Chronique Internet

Tezos, l’ICO historique qui a tourné court

d'Lëtzebuerger Land vom 22.06.2018

Alors que les ICO, ces levées de fonds qui, s’appuyant sur la blockchain, vendent de futurs tokens et, ce faisant, contournent allègrement les réglementations financières, continuent d’enthousiasmer les investisseurs, le fiasco abracadabrant de Tezos illustre de manière particulièrement féroce les aléas de l’exercice. Conçue par un couple de jeunes prodiges de l’informatique et de la banque, Arthur et Kathleen Breitman, comme la solution ultime à l’épineuse problématique de la gouvernance des blockchains, Tezos était censé faire évoluer l’univers crypto, de la foire d’empoigne faite de force (informatique) brute, de guerres de chapelles et d’intox insolente qui y règne aujourd’hui, vers une sorte de démocratie éclairée et pacifiée. Habilement présenté dans deux « white papers » rédigés par Arthur Breitman, ces documents technico-visionnaires au format éminemment variable qui tiennent lieu de prospectus, le concept de Tezos, objet d’une ICO en juillet 2017, a permis de lever quelque 232 millions de dollars et reste à ce jour une des plus grosses levées de fonds de ce type. La valeur des bitcoins et ethers collectés a pratiquement doublé depuis, après avoir frisé les 700 millions de dollars en début d’année.

Mais au lieu de couver leurs futurs avoirs en tokens au regard d’une date de livraison de la si prometteuse plateforme, les investisseurs séduits par Tezos en sont aujourd’hui réduits à suivre les péripéties d’un embrouillamini judiciaire, notamment autour de leur conflit avec un banquier suisse, Johann Gevers, auquel le couple avait confié les rênes d’une fondation helvétique censée assurer l’impartialité de la gestion du pécule levé. En octobre 2017, on apprenait que les avocats des Breitman avaient envoyé aux deux autres membres du Conseil de cette fondation une lettre leur demandant que Gevers en soit écarté. Gevers, considéré comme un des artisans de l’émergence à Zoug d’une « Crypto-Valley » propice aux ICO qui s’appuie sur la forme légale de la « Stiftung » propre au canton, y était accusé d’avoir mené des opérations dans son propre intérêt, d’auto-promotion et de conflits d’intérêt.

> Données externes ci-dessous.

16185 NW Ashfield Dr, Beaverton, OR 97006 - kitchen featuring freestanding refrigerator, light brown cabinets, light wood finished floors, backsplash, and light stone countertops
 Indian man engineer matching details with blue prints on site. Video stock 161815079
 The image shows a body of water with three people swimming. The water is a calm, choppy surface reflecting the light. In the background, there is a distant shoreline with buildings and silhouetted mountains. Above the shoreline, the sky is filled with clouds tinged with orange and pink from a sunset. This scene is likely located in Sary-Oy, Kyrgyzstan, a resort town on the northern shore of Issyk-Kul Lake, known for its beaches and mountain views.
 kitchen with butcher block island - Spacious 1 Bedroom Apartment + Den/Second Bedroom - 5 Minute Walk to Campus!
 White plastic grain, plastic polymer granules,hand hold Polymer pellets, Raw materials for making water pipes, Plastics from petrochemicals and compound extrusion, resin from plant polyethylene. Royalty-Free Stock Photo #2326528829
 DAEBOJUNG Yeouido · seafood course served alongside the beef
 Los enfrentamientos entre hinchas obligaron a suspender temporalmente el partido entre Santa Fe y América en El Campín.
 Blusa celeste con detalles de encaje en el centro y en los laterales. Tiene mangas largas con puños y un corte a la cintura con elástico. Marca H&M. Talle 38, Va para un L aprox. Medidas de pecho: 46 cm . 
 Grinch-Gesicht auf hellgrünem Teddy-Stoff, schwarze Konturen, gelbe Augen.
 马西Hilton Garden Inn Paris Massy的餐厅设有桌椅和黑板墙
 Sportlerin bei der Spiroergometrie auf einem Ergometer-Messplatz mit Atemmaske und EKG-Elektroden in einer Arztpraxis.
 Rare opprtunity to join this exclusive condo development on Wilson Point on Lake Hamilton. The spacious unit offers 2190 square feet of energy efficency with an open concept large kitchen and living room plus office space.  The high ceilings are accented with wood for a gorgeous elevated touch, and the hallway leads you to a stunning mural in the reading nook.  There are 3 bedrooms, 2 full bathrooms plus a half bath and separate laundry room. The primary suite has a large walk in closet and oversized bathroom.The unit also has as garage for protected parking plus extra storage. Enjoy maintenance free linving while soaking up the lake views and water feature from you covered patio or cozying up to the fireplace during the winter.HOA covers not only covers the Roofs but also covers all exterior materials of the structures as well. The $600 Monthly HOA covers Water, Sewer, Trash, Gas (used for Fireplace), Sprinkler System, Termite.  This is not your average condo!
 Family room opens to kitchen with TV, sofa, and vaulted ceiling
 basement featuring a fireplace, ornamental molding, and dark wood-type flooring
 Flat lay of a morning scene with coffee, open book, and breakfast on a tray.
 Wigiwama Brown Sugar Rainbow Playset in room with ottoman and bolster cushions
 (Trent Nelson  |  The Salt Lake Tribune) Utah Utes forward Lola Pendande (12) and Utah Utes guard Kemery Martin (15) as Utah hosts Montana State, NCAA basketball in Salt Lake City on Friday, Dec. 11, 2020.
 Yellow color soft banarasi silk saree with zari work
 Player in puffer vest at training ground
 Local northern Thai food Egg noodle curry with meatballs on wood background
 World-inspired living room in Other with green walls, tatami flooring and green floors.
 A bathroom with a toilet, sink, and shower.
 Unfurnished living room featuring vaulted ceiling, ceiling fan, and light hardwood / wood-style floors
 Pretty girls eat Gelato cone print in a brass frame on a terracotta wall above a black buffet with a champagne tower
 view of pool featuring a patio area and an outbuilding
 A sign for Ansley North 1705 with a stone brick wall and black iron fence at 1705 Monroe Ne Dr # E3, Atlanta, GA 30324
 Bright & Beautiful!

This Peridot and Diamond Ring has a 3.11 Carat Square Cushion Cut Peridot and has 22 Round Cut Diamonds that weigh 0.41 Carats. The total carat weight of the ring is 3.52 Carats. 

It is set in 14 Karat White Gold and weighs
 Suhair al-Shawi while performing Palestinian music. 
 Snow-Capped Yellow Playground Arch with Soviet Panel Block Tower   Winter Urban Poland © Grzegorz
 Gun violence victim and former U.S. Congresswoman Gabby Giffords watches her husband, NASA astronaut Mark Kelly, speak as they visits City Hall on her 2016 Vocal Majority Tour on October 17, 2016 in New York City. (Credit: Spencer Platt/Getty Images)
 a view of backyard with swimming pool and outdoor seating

L’intéressé a disputé ces accusations, mais a fini par jeter l’éponge cette année en exigeant que l’ensemble du conseil de la fondation soit renouvelé. Une partie des investisseurs de Tezos, s’estimant grugés, ont porté plainte l’an dernier à San Francisco, accusant les Breitman d’avoir vendu des titres sans visa réglementaire, d’escroquerie, de publicité mensongère et de concurrence déloyale. Un journaliste de Wired a accompagné Kathleen Breitman ces derniers mois et recueilli ses confidences. Le portrait que le magazine brosse du couple le situe clairement dans la frange libertarienne, anarcho-capitaliste qui a fleuri à l’ombre de Wall Street : « Des gens qui croient qu’un marché absolument libre et auto-régulé permettra aux individus, liés les uns aux autres exclusivement par des contrats, de s’épanouir en harmonie radicale ».

La décision de faire appel à la structure d’une fondation reflète le caractère hybride de nombreux projets relevant de la blockchain : dans ce domaine qui n’en est encore qu’à ses balbutiements, ils aspirent typiquement à s’établir comme standards de facto dans le domaine qu’ils entendent « désintermédier » ou transformer, tout en cherchant à séduire des investisseurs attirés par la perspective des valorisations fulgurantes du bitcoin et d’autres crypto-tokens. Les fondations rassurent quant au risque de confiscation par une firme privée, tandis que le caractère privé de l’entité opérationnelle suggère que les profits seront au rendez-vous. Tezos correspond bien à ce montage dual. Une société qu’ils ont créée au Delaware est propriétaire du code-source, tandis que la « Stiftung » est dépositaire et administratrice indépendante des fonds collectés lors de l’ICO : la fondation de droit suisse est censée fournir l’indispensable surveillance réglementaire, sans pour autant imposer de carcan. Sauf que, paradoxe du cordonnier qui est toujours le plus mal chaussé, ceux qui ont voulu introduire dans le monde de la blockchain une gouvernance avancée sont eux-mêmes les victimes de ce bricolage qu’ils ont mis en place à cheval sur les États-Unis et la Suisse.